Perhaps I was not in the right mood or it just wasn’t the kind of book for me. Could be the genre as well. Honestly can’t remember.

Might retry it a long while later.

For example, I prefer to read quite the emotional books such as:

  • The Words We Keep
  • The Midnight Library
  • Before The Coffee Gets Cold (currently reading)
[–] Heyassbutt 1 points 1 year ago (1 children)

I searched the annals of the books subreddit way back when and could quite literally only find one other user besides me who couldn't stand A Man Called Ove by Fredrik Backman. I tried two separate times to read that book and just couldn't do it. I understand the premise of crusty old guy is soft and mushy on the inside, but ffs he is SUCH a massive prick in the beginning I just could never get past it. I also read Anxious People by him and couldn't stand it, so I think maybe this author just isn't for me.

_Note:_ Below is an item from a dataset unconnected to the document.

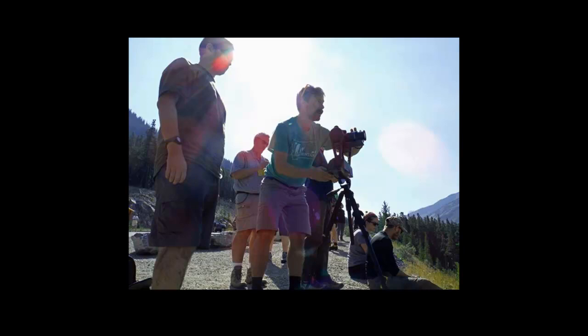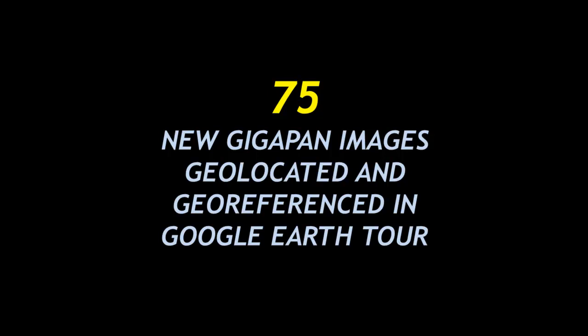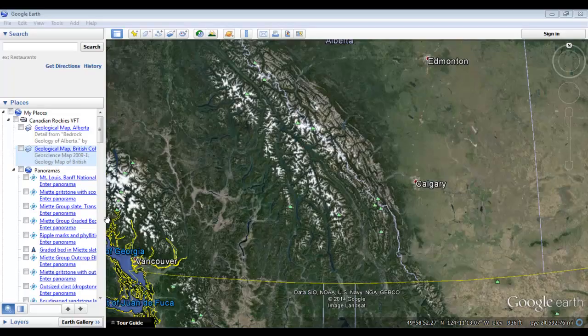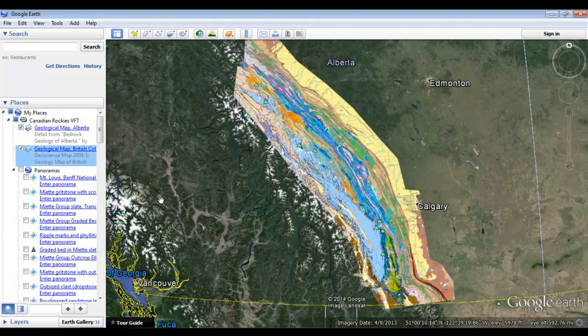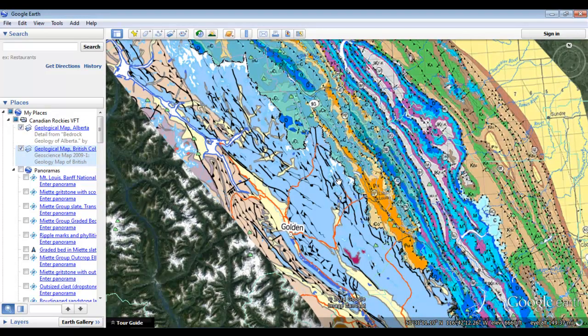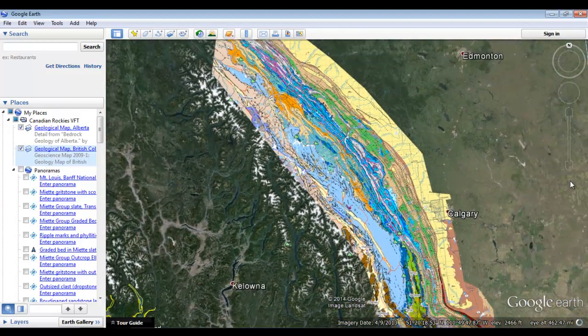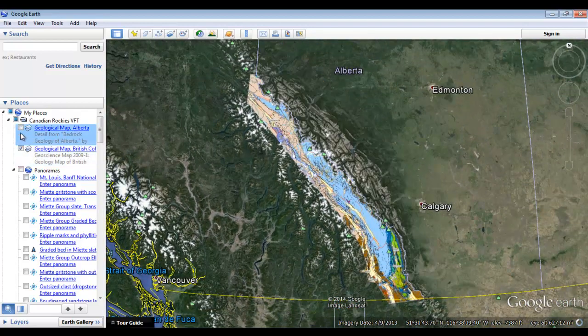The virtual field trip started with a field class that I run in the Canadian Rockies during the summer. I stuck around for an extra week and made 75 new GigaPan images that were combined with 10 old favorites, and then I geo-referenced them all so they can be embedded in Google Earth. The rest of this movie is going to be a quick high-speed tour through the Google Earth virtual field trip showing the geologic maps, and then the tremendous number of embedded GigaPans that are arranged chronologically for users to experience.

Super noteworthy wise I quit A Tale of Two Cities on like page 4 lol, but that was more because I didn't understand that style of English than anything else.

[–] JoeClu 2 points 1 year ago

Interesting. I to almost abandoned Ove. The guy was too much of an asshole. Just over the top. But for some reason I stuck with it and finished the book.

I mean I'm a grumpy, foul mood person most of the time, but I'm not an ass about it. I'm still nice and kind to people.

Haven't read any others by the same author.

[–] fmwp1lrU 1 points 1 year ago

Edge of Darkness by Brent Weeks.

I just couldn't finish it. Got to the point where Kylar got his hand back and was like okay I guess the story is over now? Felt really weird that there was still around 3/4 of a book left. I just couldn't bring myself to keep reading after that.

[–] [email protected] 0 points 1 year ago

I'm glad I'm not the only one who has never finished Good Omens. I've picked it up several times. What I've read of it, I enjoyed. But I never felt compelled to finish it. Put differently, I guess it's just not engaging...?

[–] Historical_General -1 points 1 year ago

Orwell was a snitch anyway.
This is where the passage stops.